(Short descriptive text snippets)
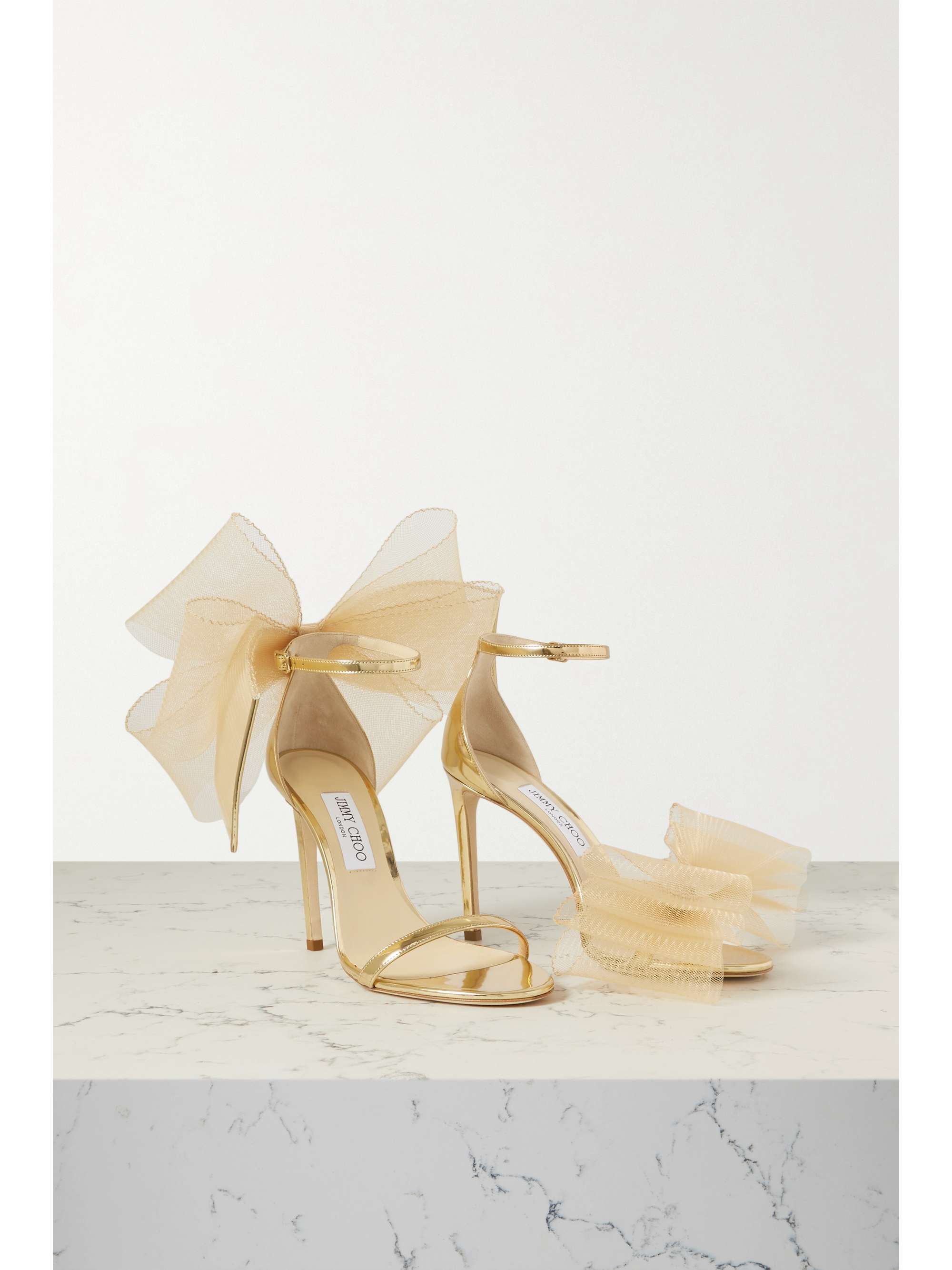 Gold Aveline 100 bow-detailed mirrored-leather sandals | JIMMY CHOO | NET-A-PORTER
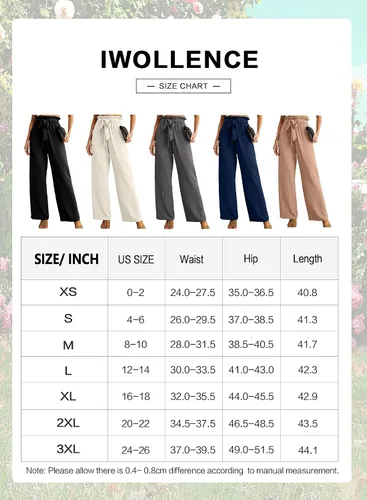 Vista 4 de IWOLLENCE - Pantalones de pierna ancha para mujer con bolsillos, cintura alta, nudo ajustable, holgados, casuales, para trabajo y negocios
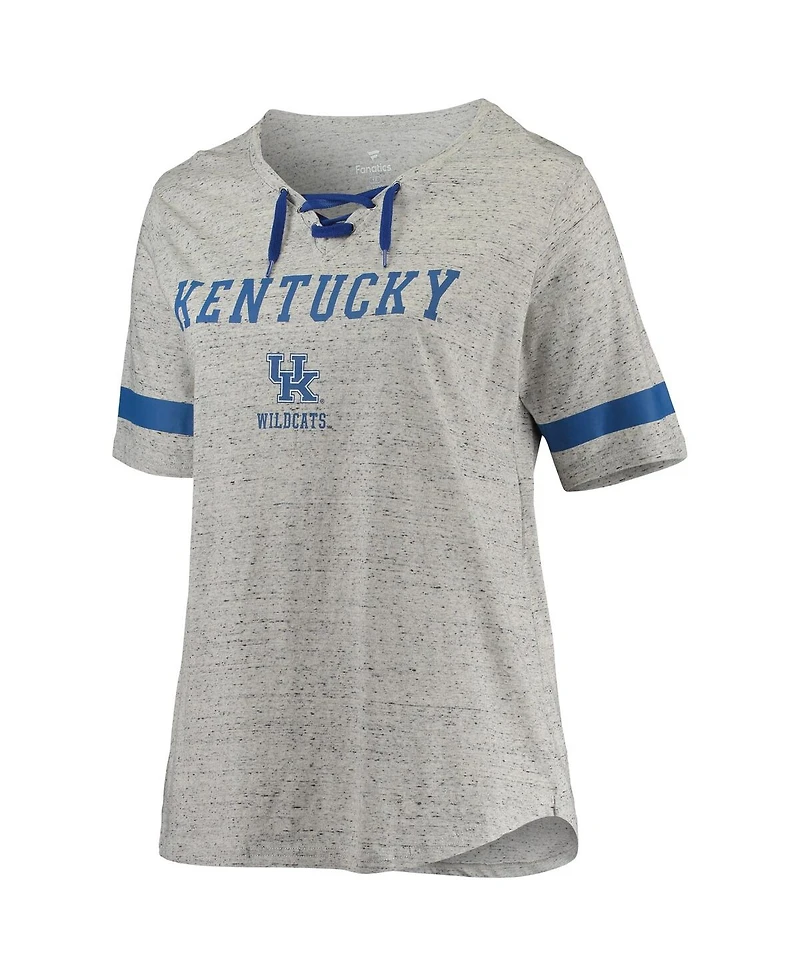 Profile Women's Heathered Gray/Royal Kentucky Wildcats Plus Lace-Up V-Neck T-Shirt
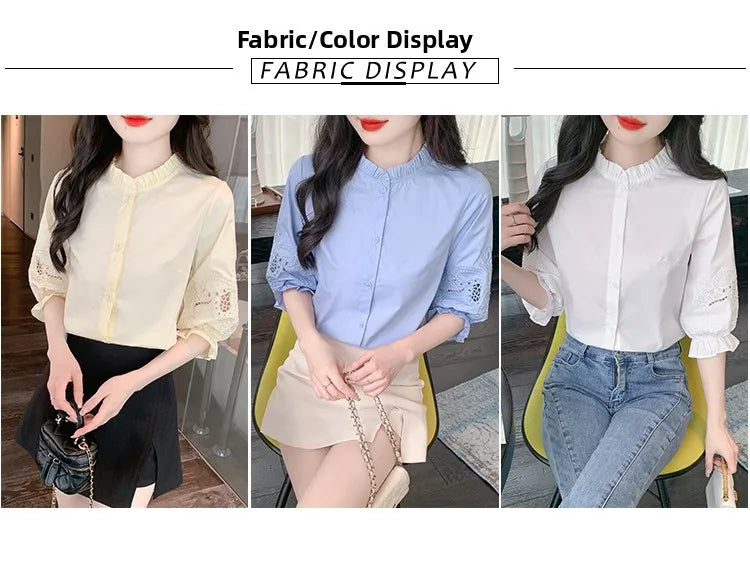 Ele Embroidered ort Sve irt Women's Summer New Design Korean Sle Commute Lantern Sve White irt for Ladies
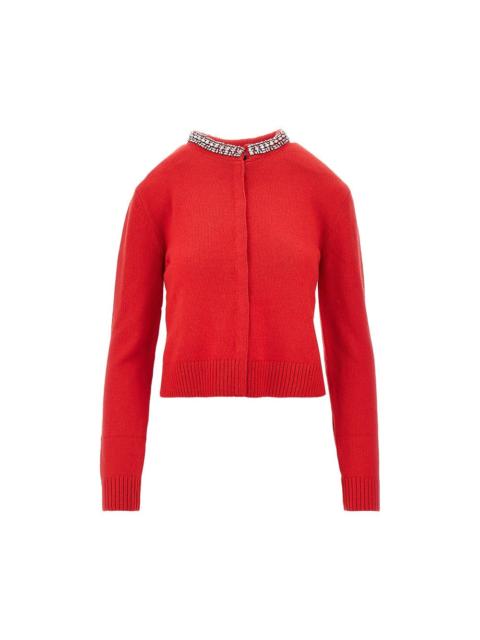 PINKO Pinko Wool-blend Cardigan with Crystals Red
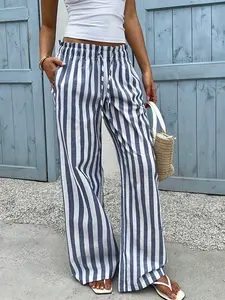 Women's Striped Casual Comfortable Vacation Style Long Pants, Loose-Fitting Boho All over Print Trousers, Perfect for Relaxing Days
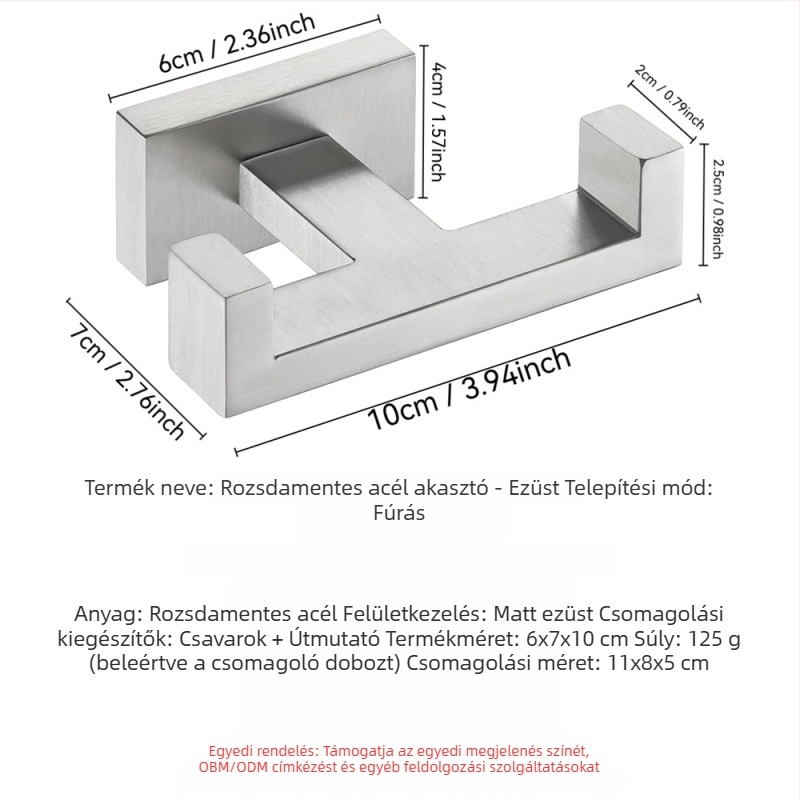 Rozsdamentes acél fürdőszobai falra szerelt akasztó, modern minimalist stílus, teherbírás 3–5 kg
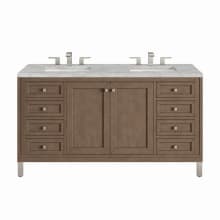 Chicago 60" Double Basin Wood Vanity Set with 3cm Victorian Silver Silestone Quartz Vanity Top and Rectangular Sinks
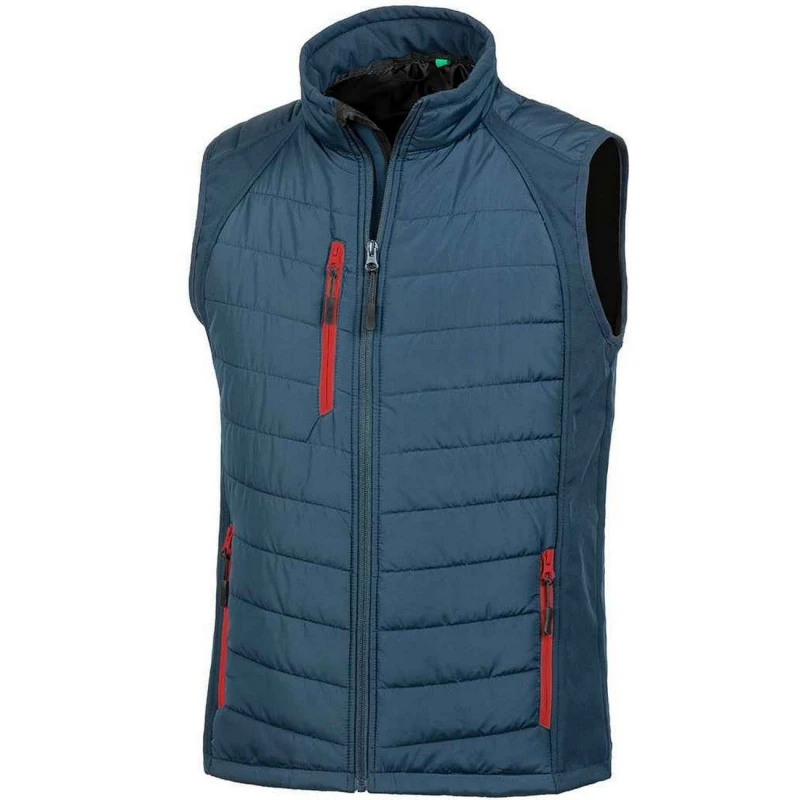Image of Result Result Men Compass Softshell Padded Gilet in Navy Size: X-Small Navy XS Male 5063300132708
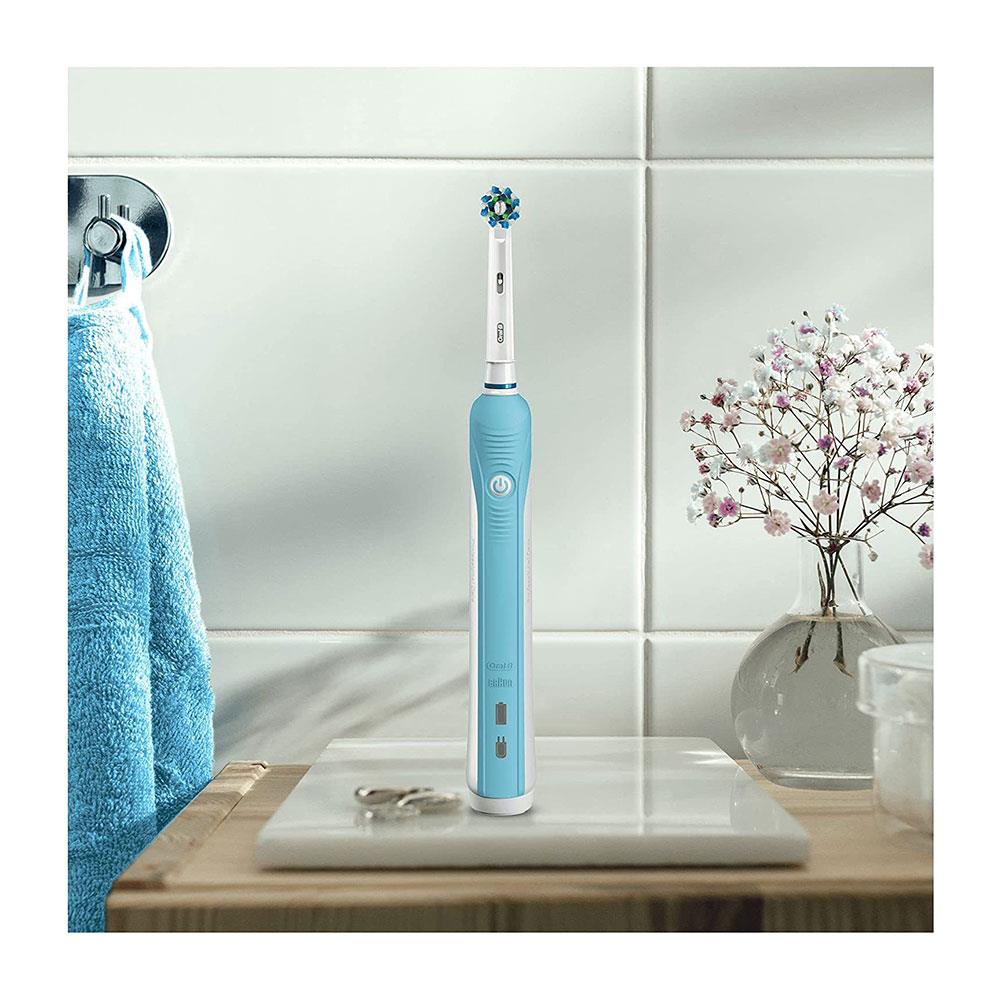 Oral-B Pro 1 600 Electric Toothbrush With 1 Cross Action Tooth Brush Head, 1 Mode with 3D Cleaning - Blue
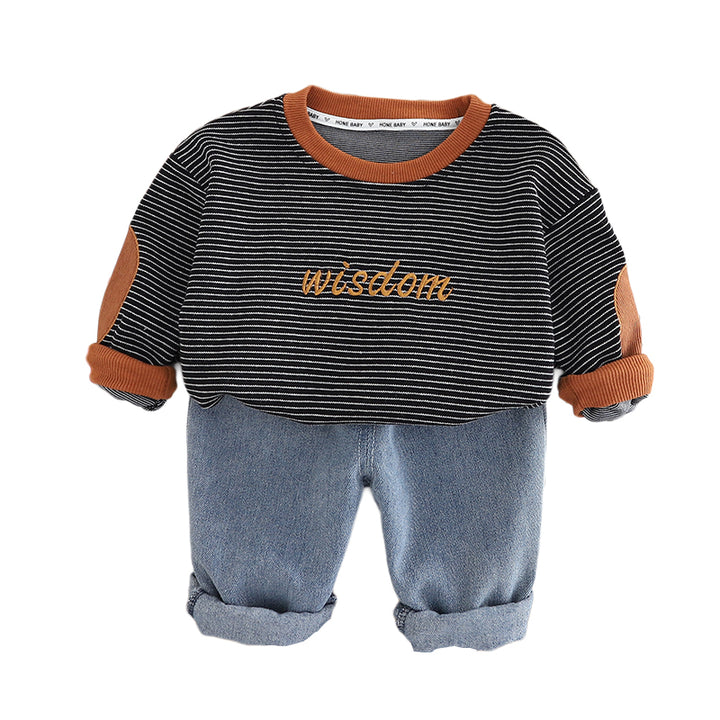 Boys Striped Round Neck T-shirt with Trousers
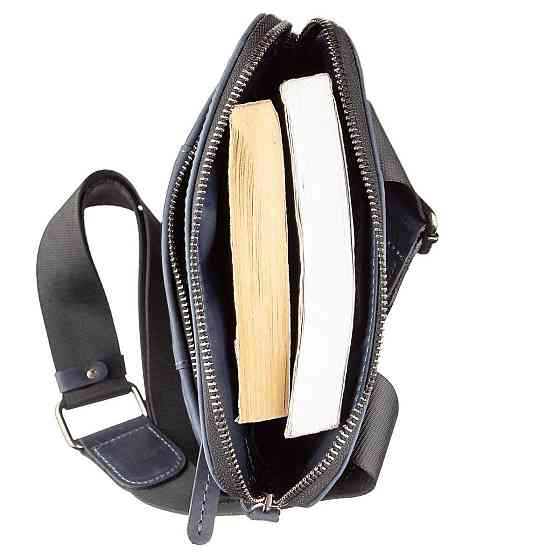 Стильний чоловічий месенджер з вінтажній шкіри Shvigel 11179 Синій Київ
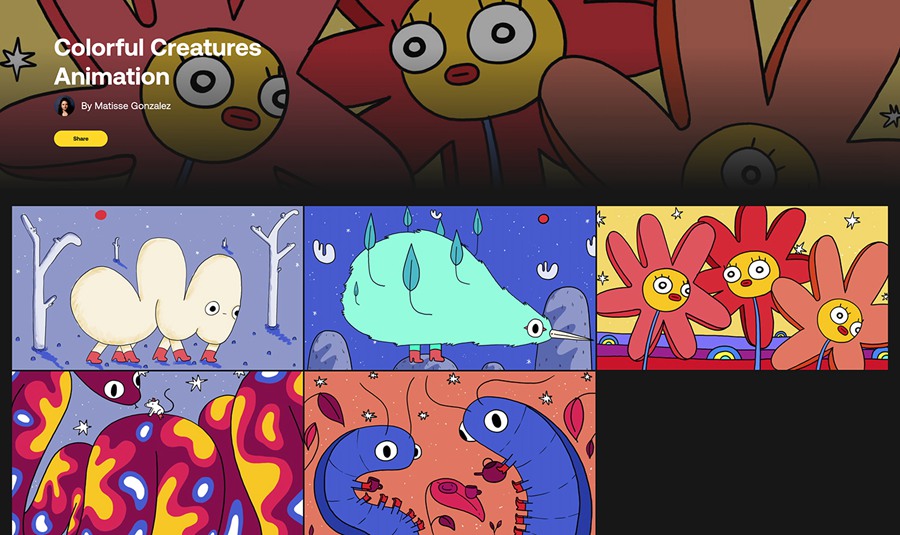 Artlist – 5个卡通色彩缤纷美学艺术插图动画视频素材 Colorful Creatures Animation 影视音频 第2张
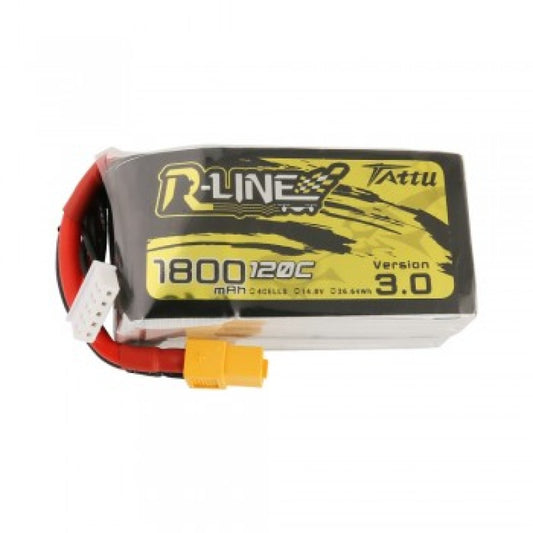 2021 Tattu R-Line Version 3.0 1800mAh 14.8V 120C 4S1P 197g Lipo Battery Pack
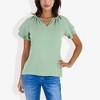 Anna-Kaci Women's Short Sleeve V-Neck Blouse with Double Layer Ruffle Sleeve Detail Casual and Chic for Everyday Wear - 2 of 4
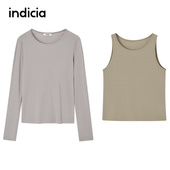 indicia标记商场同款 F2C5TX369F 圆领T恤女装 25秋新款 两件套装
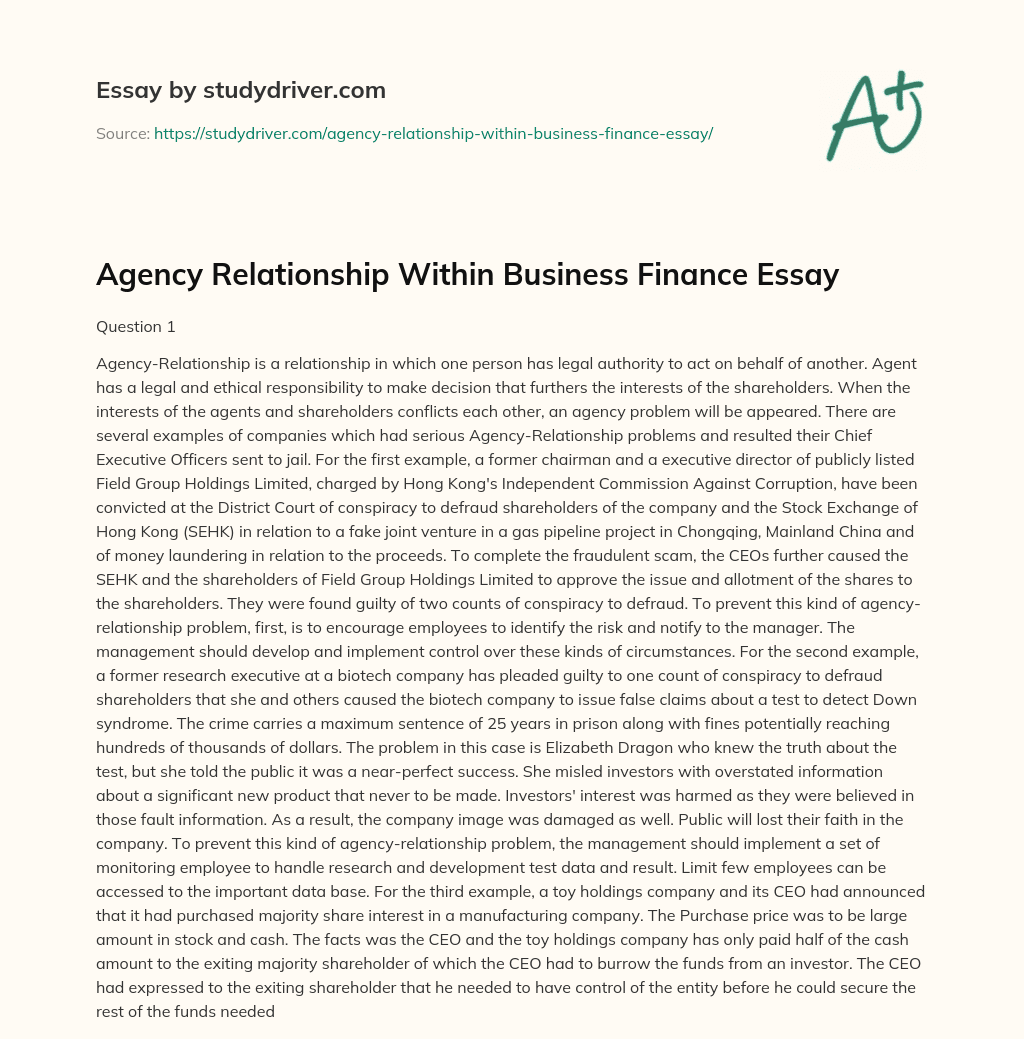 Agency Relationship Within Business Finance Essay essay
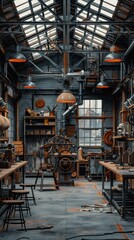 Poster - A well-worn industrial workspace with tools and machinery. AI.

> _Work item_: Copy exactly, without pictures, the lines above from the one with "Women's Striped Casual" down to the one with "Artlist – 5个卡通色彩缤纷美学艺术插图动画视频素材", inclusive.

> _Solution for this task_:
 Women's Striped Casual Comfortable Vacation Style Long Pants, Loose-Fitting Boho All over Print Trousers, Perfect for Relaxing Days
 Rozsdamentes acél fürdőszobai falra szerelt akasztó, modern minimalist stílus, teherbírás 3–5 kg
 Chicago 60" Double Basin Wood Vanity Set with 3cm Victorian Silver Silestone Quartz Vanity Top and Rectangular Sinks
Image of Result Result Men Compass Softshell Padded Gilet in Navy Size: X-Small Navy XS Male 5063300132708
 Oral-B Pro 1 600 Electric Toothbrush With 1 Cross Action Tooth Brush Head, 1 Mode with 3D Cleaning - Blue
 Boys Striped Round Neck T-shirt with Trousers
 Стильний чоловічий месенджер з вінтажній шкіри Shvigel 11179 Синій Київ
 Artlist – 5个卡通色彩缤纷美学艺术插图动画视频素材 Colorful Creatures Animation 影视音频 第2张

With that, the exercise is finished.